Following his big-screen debut, Corbet starred as Alan Tracy, the youngest son of a billionaire ex-astronaut (played by Bill Paxton) in Thunderbirds (2004), Jonathan Frakes' live-action movie based on the British TV series of the mid-1960s. Corbet once again shared the screen with Hudgens.

In 2004, California filmmaker Gregg Araki cast him opposite Joseph Gordon-Levitt in the director's eighth film, Mysterious Skin. In the film, based on the 1996 novel of the same name by Scott Heim, Corbet portrayed Brian Lackey, a troubled teen who is plagued by nightmares and believes that he may have been abducted by aliens. The film debuted in that year's Venice Film Festival and had a limited release in 2005.

2006–present
In 2006, Corbet returned to television with a recurring role as Derek Huxley, son of Jack Bauer's new girlfriend (played by Connie Britton) in the fifth season of Fox's Emmy- and Golden Globe–winning show, 24.  Corbet most recently played the role of Watts in the 2011 psychological thriller Martha Marcy May Marlene.

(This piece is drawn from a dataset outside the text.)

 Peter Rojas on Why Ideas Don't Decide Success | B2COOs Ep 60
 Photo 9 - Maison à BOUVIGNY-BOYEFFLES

Corbet also has appeared in the indie rock band Bright Eyes' music video "At The Bottom Of Everything" (2005).  In October 2006, he was featured in the Ima Robot video for "Lovers in Captivity," which was produced independently of their Virgin record label and was featured in an Out Magazine article.

In 2013, Corbet signed to direct his first feature film The Childhood of a Leader. It premiered in the Horizons section of the 72nd Venice International Film Festival, where he won Best Director in the festival's Horizons (Orrizonti) section. In 2018, Corbet directed his second feature film Vox Lux starring Natalie Portman and Jude Law.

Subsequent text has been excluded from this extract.